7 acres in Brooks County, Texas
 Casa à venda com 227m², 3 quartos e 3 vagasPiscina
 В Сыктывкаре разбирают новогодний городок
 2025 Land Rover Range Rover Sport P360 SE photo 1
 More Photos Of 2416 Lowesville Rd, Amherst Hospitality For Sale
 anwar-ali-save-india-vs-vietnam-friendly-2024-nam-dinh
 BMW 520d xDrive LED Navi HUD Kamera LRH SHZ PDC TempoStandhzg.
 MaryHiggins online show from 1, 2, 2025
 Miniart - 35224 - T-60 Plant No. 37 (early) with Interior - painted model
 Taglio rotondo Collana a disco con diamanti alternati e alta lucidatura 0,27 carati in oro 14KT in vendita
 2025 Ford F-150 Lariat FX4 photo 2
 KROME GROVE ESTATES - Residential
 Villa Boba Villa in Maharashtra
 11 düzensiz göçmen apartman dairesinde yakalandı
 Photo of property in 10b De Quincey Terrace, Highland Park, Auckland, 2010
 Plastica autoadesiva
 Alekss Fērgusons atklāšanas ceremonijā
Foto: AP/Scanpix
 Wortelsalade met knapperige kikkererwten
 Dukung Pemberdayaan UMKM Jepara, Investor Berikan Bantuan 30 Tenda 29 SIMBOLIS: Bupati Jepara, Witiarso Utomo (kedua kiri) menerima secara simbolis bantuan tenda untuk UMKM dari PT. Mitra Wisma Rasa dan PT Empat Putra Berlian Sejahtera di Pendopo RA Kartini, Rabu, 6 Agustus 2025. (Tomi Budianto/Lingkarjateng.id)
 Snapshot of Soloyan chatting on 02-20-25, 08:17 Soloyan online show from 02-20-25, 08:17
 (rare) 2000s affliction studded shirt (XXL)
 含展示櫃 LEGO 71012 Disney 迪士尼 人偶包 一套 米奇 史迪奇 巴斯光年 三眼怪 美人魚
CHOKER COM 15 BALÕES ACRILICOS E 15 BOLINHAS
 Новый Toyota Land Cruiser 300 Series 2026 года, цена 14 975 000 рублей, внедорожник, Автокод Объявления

# [Exercise requirements]
Whatever is in the entries above, write it out exactly.

# [Completed task]
7 acres in Brooks County, Texas
 Casa à venda com 227m², 3 quartos e 3 vagasPiscina
 В Сыктывкаре разбирают новогодний городок
 2025 Land Rover Range Rover Sport P360 SE photo 1
 More Photos Of 2416 Lowesville Rd, Amherst Hospitality For Sale
 anwar-ali-save-india-vs-vietnam-friendly-2024-nam-dinh
 BMW 520d xDrive LED Navi HUD Kamera LRH SHZ PDC TempoStandhzg.
 MaryHiggins online show from 1, 2, 2025
 Miniart - 35224 - T-60 Plant No. 37 (early) with Interior - painted model
 Taglio rotondo Collana a disco con diamanti alternati e alta lucidatura 0,27 carati in oro 14KT in vendita
 2025 Ford F-150 Lariat FX4 photo 2
 KROME GROVE ESTATES - Residential
 Villa Boba Villa in Maharashtra
 11 düzensiz göçmen apartman dairesinde yakalandı
 Photo of property in 10b De Quincey Terrace, Highland Park, Auckland, 2010
 Plastica autoadesiva
 Alekss Fērgusons atklāšanas ceremonijā
Foto: AP/Scanpix
 Wortelsalade met knapperige kikkererwten
 Dukung Pemberdayaan UMKM Jepara, Investor Berikan Bantuan 30 Tenda 29 SIMBOLIS: Bupati Jepara, Witiarso Utomo (kedua kiri) menerima secara simbolis bantuan tenda untuk UMKM dari PT. Mitra Wisma Rasa dan PT Empat Putra Berlian Sejahtera di Pendopo RA Kartini, Rabu, 6 Agustus 2025. (Tomi Budianto/Lingkarjateng.id)
 Snapshot of Soloyan chatting on 02-20-25, 08:17 Soloyan online show from 02-20-25, 08:17
 (rare) 2000s affliction studded shirt (XXL)
 含展示櫃 LEGO 71012 Disney 迪士尼 人偶包 一套 米奇 史迪奇 巴斯光年 三眼怪 美人魚
CHOKER COM 15 BALÕES ACRILICOS E 15 BOLINHAS
 Новый Toyota Land Cruiser 300 Series 2026 года, цена 14 975 000 рублей, внедорожник, Автокод Объявления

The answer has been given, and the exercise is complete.